The answer is U.S. consumers, whose spending is responsible for more than 70% of U.S. gross domestic product (GDP). As we’ve seen in recent years, when consumer conditions are bad, the effects can be widespread. If consumer spending falters, it affects business income and tax revenues. If revenues fall far enough, the effects can include increased unemployment, which in turn exaggerates the problem because the unemployed have reduced incomes and tend to make fewer purchases.
Economists, traders, investors, and policymakers all take great interest in the financial health of consumers and what they may do next. Here are some popular indicators of consumer behavior.
The Monthly Retail Trade Survey is conducted by the U.S. Census Bureau, which mails questionnaires to about 12,500 businesses. The Census Bureau uses the data to estimate the dollar value of total national retail sales, the value of month-end retail inventories, and the ratio of retail inventories to sales.

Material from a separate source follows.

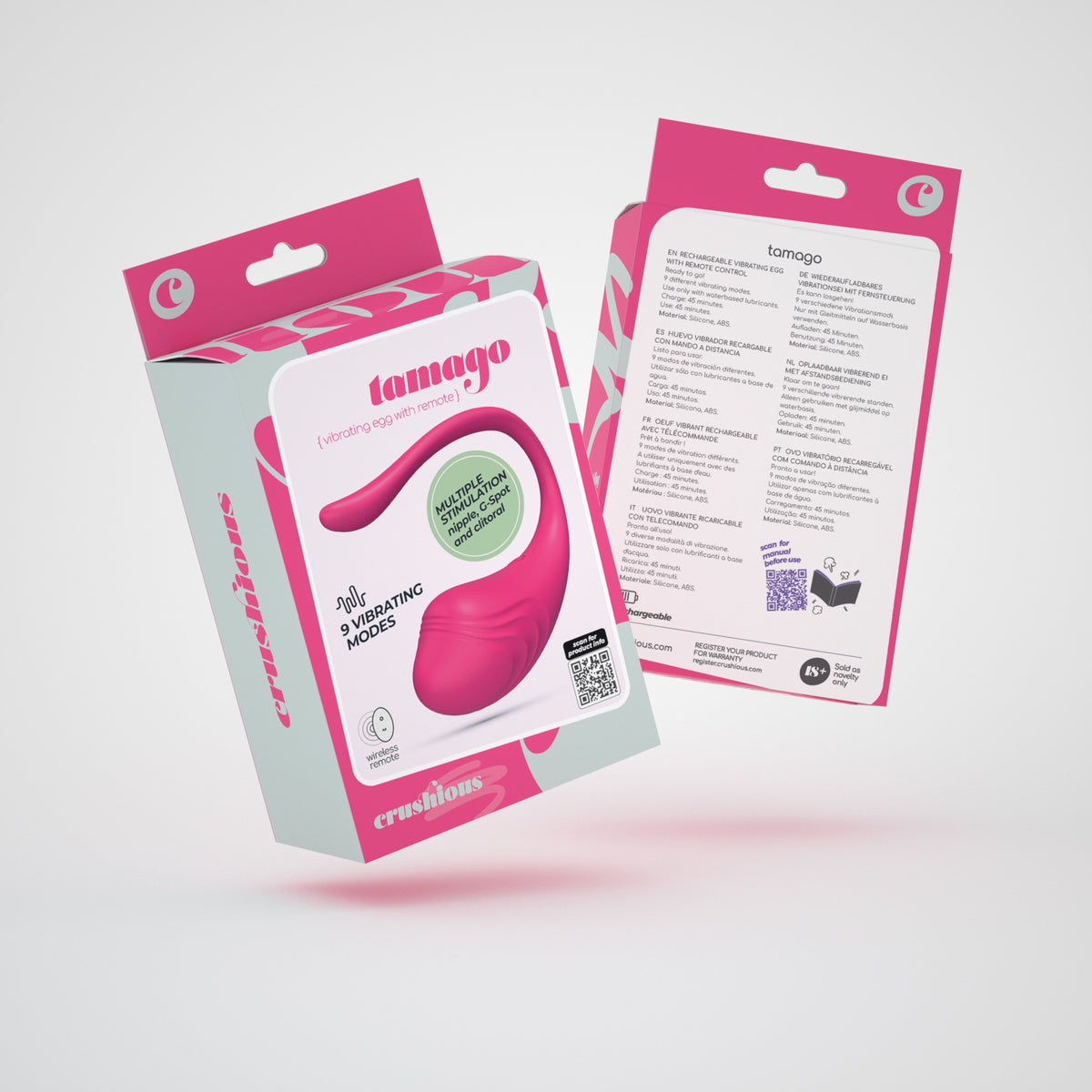 Ovo Vibratório Recarregável Com Comando Tamago Crushious Rosa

The Monthly Retail Trade Survey results are used by the Bureau of Economic Analysis to help calculate GDP and by the Bureau of Labor Statistics to calculate the consumer price index and productivity measurements. The White House uses them to analyze current economic activity. The Federal Reserve uses them to detect trends in consumer behavior. And the private sector uses them to measure economic trends.
The Bureau of Labor Statistics Consumer Expenditure Survey comprises two separate surveys that collect information from about 7,000 households. The weekly Diary Survey asks participants to document their expenditures for food and beverages, nonprescription drugs, tobacco, and other personal care products. The quarterly Interview Survey asks about larger monthly expenditures such as housing, clothing, transportation, entertainment, and health care.

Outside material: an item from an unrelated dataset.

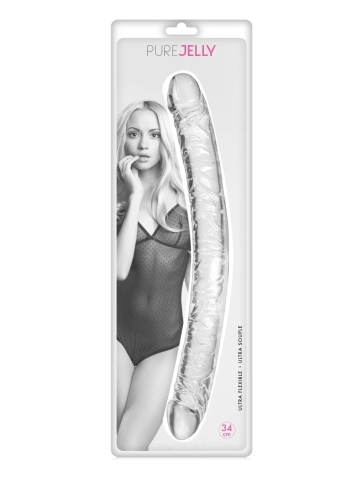 Mekani dupli prozirni dildo | Pure Jelly Clear 34 cm
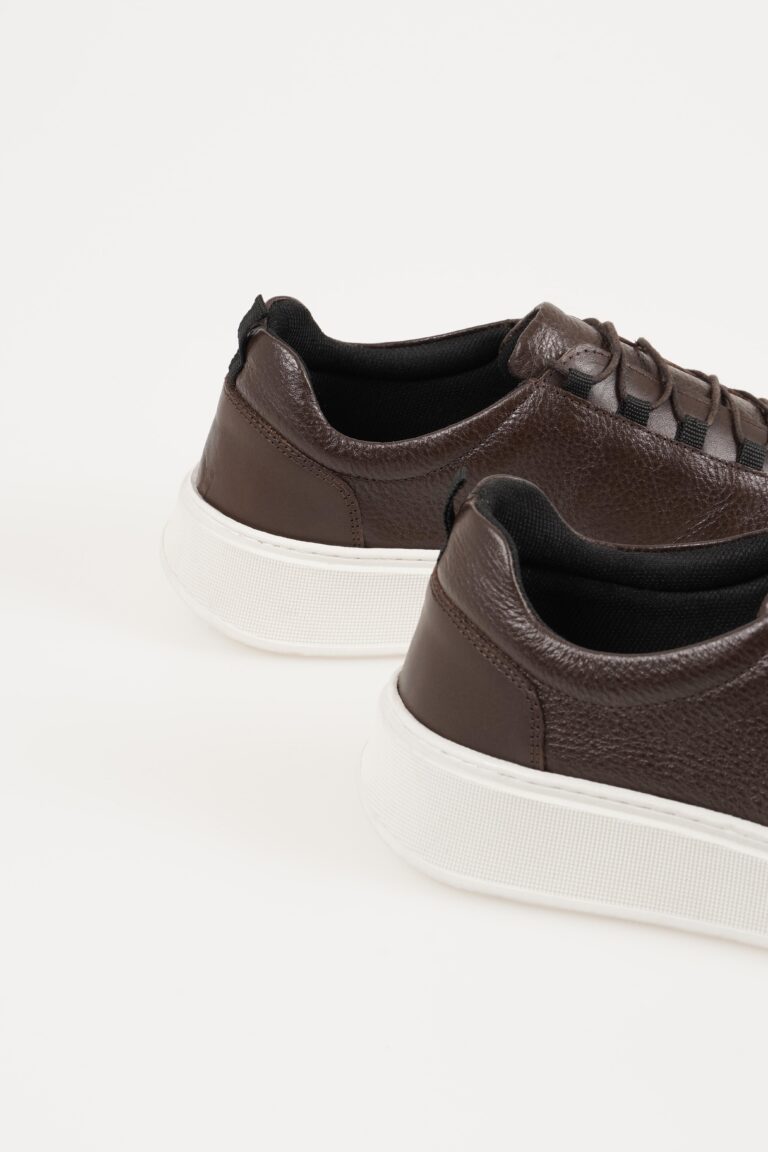 Hakiki Deri Erkek Sneaker Kalın Tabanlı Bağcıklı Casual Ayakkabı - Görsel 4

The Consumer Expenditure Survey is noteworthy for the ways in which it links the data collected with the respondents’ household characteristics. Characteristics measured include the amount and number of incomes in the household; how long they have lived in their homes; as well as their age, gender, education, race, and other details that might illuminate consumer behavior.
Perhaps the best-known consumer survey is the Consumer Confidence Index, which measures consumer attitudes rather than behavior. Each month, The Conference Board polls 5,000 households about their assessment of business conditions and the outlook for their regions. The rub is that the CCI does not appear to predict consumer behavior. Consumer spending has increased every year, regardless of the direction of consumer confidence. Dips may occur from one month to the next, but spending has increased on an annual basis as far back as available records go.
Consumer behavior can be a good source of clues about the direction of the economy and the financial markets. Keeping a close eye may help with decisions about your portfolio.